[Saved data entries]
=== Begin Enclosure ===

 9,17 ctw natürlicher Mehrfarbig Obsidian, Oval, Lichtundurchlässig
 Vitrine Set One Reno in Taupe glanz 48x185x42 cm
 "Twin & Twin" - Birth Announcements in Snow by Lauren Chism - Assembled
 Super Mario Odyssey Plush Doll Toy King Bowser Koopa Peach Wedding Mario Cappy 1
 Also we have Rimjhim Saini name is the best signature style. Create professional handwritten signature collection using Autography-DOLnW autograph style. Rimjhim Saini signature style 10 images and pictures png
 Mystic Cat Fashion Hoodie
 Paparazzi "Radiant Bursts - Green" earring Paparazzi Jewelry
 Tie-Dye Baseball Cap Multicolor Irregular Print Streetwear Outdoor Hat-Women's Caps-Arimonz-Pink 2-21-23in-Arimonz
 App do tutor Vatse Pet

=== End Enclosure ===
=== Begin Enclosure ===

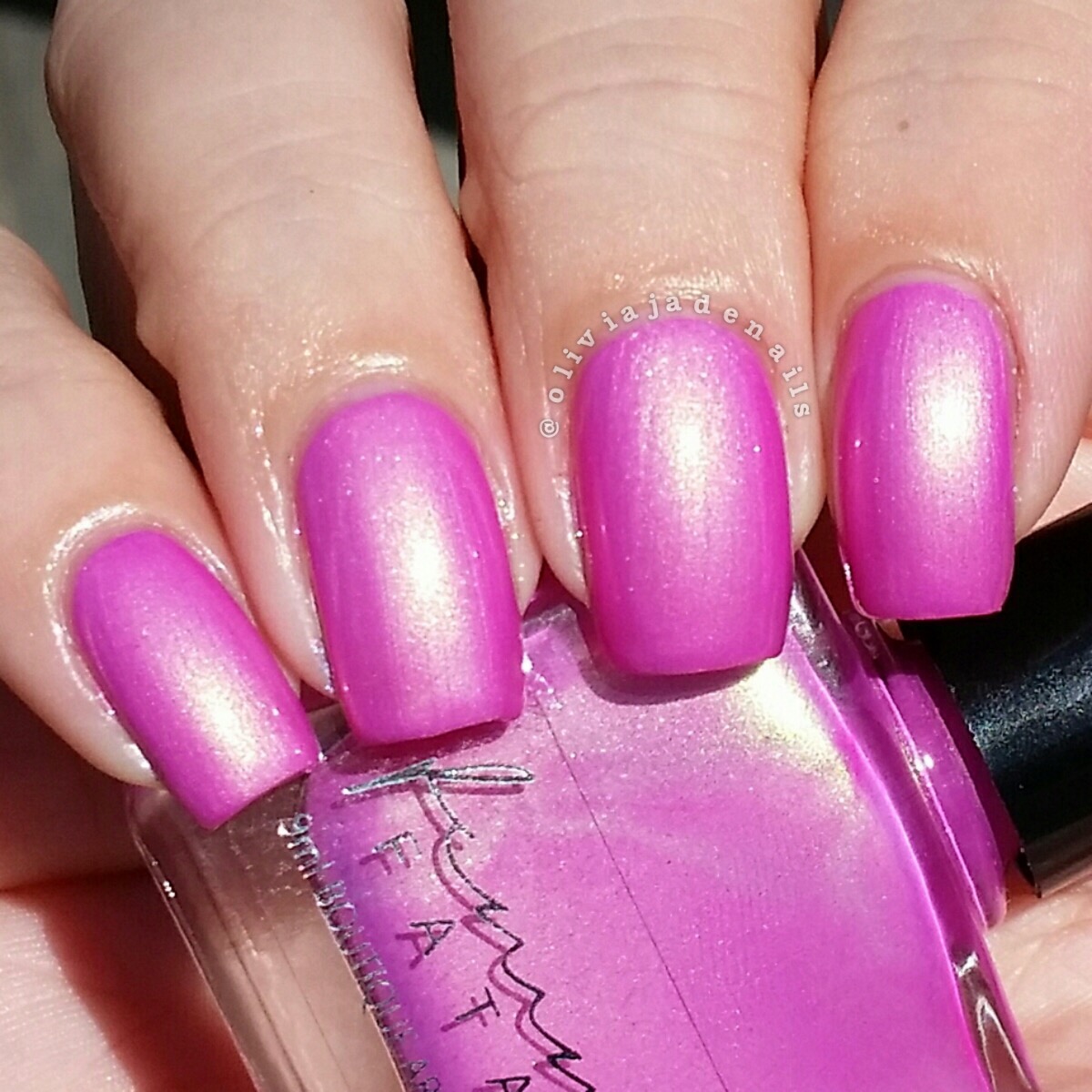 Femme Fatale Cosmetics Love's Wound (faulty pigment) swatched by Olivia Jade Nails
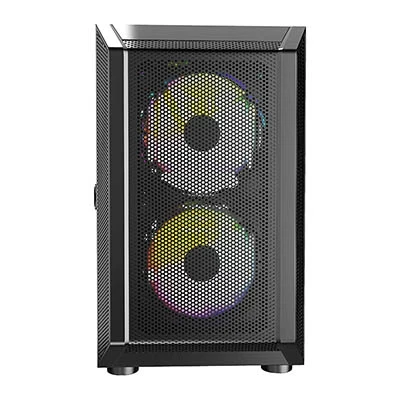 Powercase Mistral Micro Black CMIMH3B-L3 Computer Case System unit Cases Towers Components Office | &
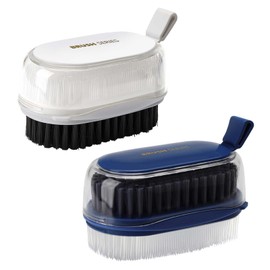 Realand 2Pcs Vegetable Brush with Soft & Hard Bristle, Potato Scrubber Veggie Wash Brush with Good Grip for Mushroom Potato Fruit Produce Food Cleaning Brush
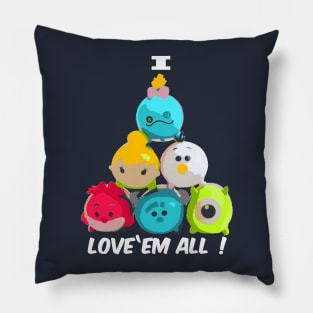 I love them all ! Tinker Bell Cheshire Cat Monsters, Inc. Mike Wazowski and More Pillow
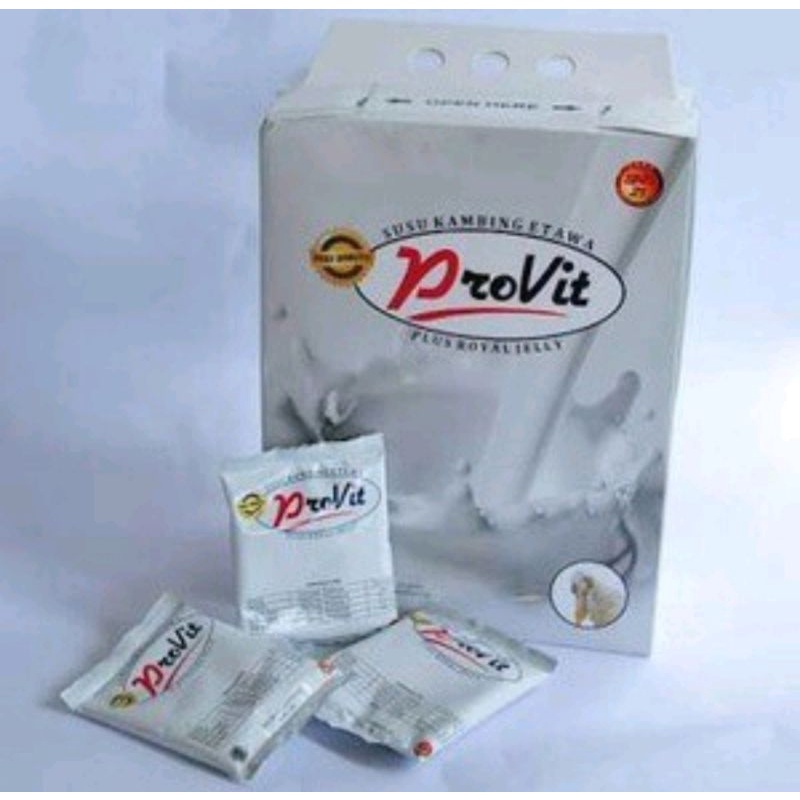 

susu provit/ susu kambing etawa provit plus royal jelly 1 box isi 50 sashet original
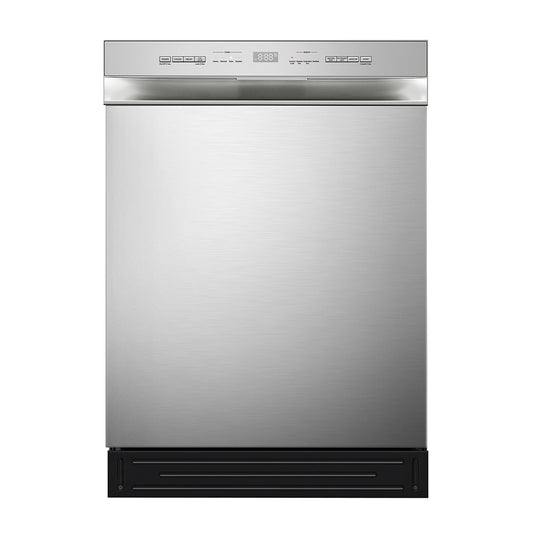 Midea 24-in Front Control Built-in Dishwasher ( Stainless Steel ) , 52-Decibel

=== End Enclosure ===

Look above for the line with "I love them" and the line with "Midea 24-in Front". Copy them and every line between, exactly, but no pictures.

[Solution to the exercise]:
 I love them all ! Tinker Bell Cheshire Cat Monsters, Inc. Mike Wazowski and More Pillow

susu provit/ susu kambing etawa provit plus royal jelly 1 box isi 50 sashet original
 Midea 24-in Front Control Built-in Dishwasher ( Stainless Steel ) , 52-Decibel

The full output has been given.